HAH  no this isn't about Fruit, i just said that instead of the other F word, anyways. Does anyone know why this pic turned out so staticy? any tips?
Thanks.


----------



## Peanuts (Apr 23, 2007)

Is that a cropped version? Do you knwo if your 'digital zoom' was turned off?  The ISO appears to have been 800 - though high, I would be rather surprised if this is a non-cropped ISO 800 image.


----------



## KillerChaos (Apr 23, 2007)

Totally uncropped right out of my camera version. I have the FujiFilm Finepix E900 btw. I got lucky on the composition/placement of the lil' fella but it sucks that the pic turned out all noisey/staticy


----------



## Olympus8MP (Apr 23, 2007)

Thats a little more than noise / static. Is this the only picture thats ever done that? Has it done it since?


----------



## EBphotography (Apr 23, 2007)

Did you have the resolution set lower than you thought?  I'm really not sure what would do this.  Maybe shutting off the camera while it's saving?


----------



## KillerChaos (Apr 23, 2007)

Its the only i've noticed it do it to. No I never shut the camera off as, I took several other shots right after taking this one.


----------



## Olympus8MP (Apr 23, 2007)

That is very strange. If it happens again, I'd have your camera checked.


----------



## KillerChaos (Apr 23, 2007)

Actually I think it might have been my lens was still trying to zoom and auto refocus when i hit the shutter button....could that cause the noiseyness?


----------



## Olympus8MP (Apr 23, 2007)

No that doesn't look like soft focus or any sort of lens disturbance. See how the noise is kinda square and blocky? That would usually indicate noise in the JPEG process or elsewhere in the camera.

As long as the camera doesn't do it again, I'd say you're fine.

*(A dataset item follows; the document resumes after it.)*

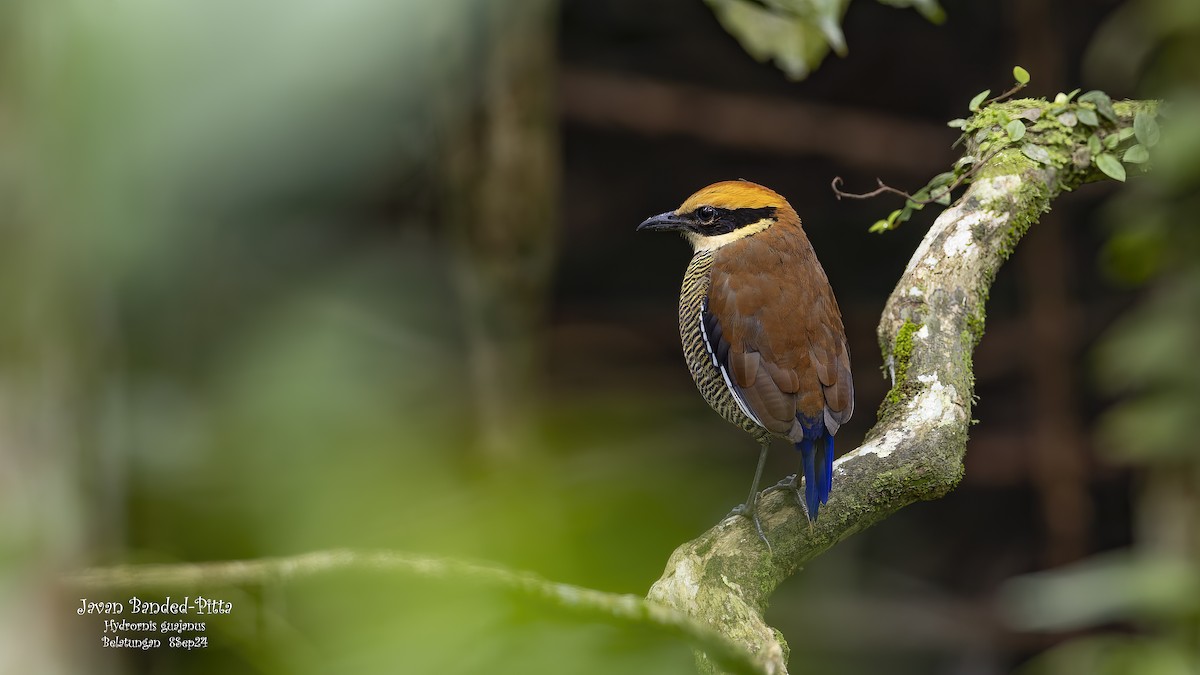 Javan Banded-Pitta - ML624019463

The file may have been corrupted as it was transferred to your computer.


----------



## xfloggingkylex (Apr 25, 2007)

probably a glitch in your processing software in camera.


----------



## Nix (Apr 27, 2007)

lol stop blaming the camera... its just the squirrels massive amount of ki disturbing the space around it... havent you ever seen a super saiyin squirrel before?


----------